But why might any of this bother the high court’s justices? The reason: The supermajority rule also inflicts an institutional injury on the Supreme Court.
It is important to understand here just why the Framers divided the Congress into two chambers: to weaken the legislative branch just enough to keep it from invading the function of the judicial and executive branches. But by the same thinking, if the legislative branch is too weak, the danger arises of the judicial or the executive branches invading the lawmaking functions. If Congress is incapable of acting, presidents will make law by executive order. And the Supreme Court will engage in even more de facto lawmaking than it used to when the legislative action was not limited by a supermajority rule but only by the original, constitutional check and balance.
Here is just one example from the last Supreme Court term: In Bostock v. Clayton Co., Georgia, the court held that Title VII of the Civil Rights Act of 1964 also covers discrimination against the LGBTQ community. This form of judicial reasoning is called gap filling, and in this instance, the gap was a big one. Maybe Bostock came out the right way, but in many countries, there would have been no case in the first place. It would have been a parliamentary matter—decided in a flash. Congress would have done its job. Similarly, it is hard to imagine a decision like Roe v. Wade in any country with a legislature capable of acting. Lacking that, the court decided by 5 to 4.

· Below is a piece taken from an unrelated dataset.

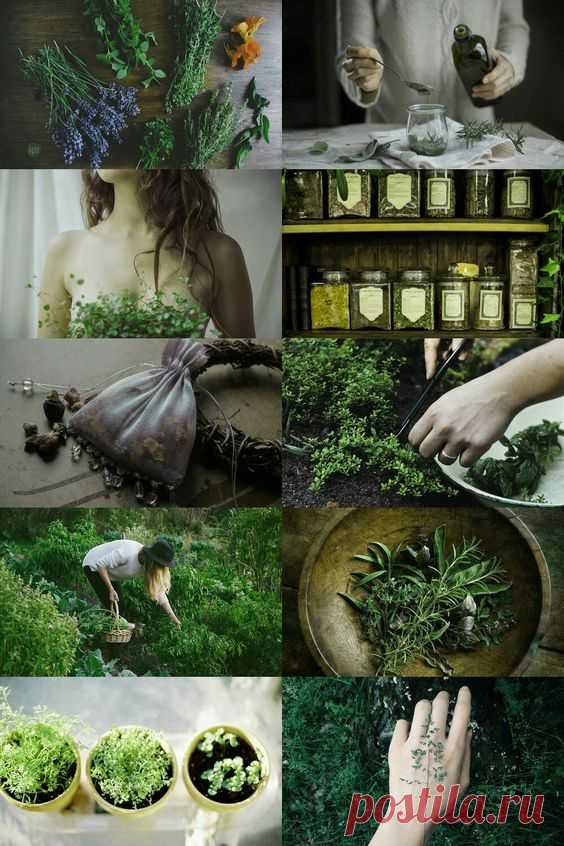 (2) Pinterest • Всемирный каталог идей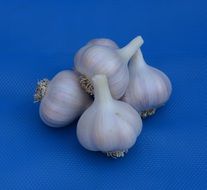four white garlic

If the filibuster were gone, the court would be better able to perform the limited and truly judicial role that conservatives espouse—or at least pretend to embrace. It would be easier to permit the style of judging known as judicial formalism—the calling of “balls and strikes.” The principle here is that courts exist to apply rules. They exist to carry out “the will of the sovereign.” That is the only judicial role: to separate law from morals, or court-imposed ideals. It is the argument made by H.L.A. Hart in his classic The Concept of the Law, and in such other writings as “Positivism and the Separation of Law and Morals.” It all comes down to enforcing the will of the sovereign, as expressed in law.
But this whole project is doomed if there is no “will of the sovereign” for the judicial branch to carry out. What the judicial right wants depends on a legislative body as capable of acting as the British Parliament. By making it harder for the will of the sovereign to be expressed, the Senate filibuster makes it harder for judges to be judges.

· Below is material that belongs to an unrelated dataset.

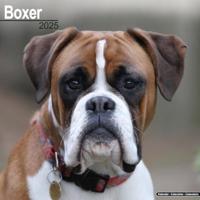Boxer (Euro) Calendar 2025 Square Dog Breed Wall Calendar - 16 Month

In Seila Law, the court rather flippantly notes that under our 1789 Constitution, “the atom of sovereignty is smashed.” Well, in our time, thanks to the filibuster, that atom has now been smashed into even smaller subatomic particles, and the chain reaction it has set off is melting down the country. As the gaps in the laws become bigger than canyons, even conservative judges are forced into a whole range of gimmicks and stratagems to deny what they must know they are doing. It is judicial activism deemed illegitimate by the very judges who practice it.
But even conservative justices believe that there is a special duty to hear cases involving the separation of powers. As Justice Kennedy once wrote, “policing” the “enduring structure” of constitutional government when the political branches fail to do so is “one of the most vital functions of this Court.” In that same case, in a concurring opinion, Justice Scalia wrote that when the Constitution’s governing structure is at issue, it is the “solemn responsibility” of the judicial branch to say “what the law is.”
No challenge to the filibuster has ever reached the Supreme Court—but several challenges have failed in the lower courts. Each case has been dismissed on technical grounds, but there might be ways around this.
The members of the House of Representatives are best suited to be the plaintiffs in such a complaint. If these House members frame the suit in the right way, the technical grounds that lower courts have used to dismiss these suits in the past will disappear. Does the filibuster cause a true legal injury to the House members bringing suit, either in their official “political” capacity or their private individual capacity? Often in the past when members of Congress have sued the president in their official capacity, they have argued that there is a law or act that infringes on the power of Congress.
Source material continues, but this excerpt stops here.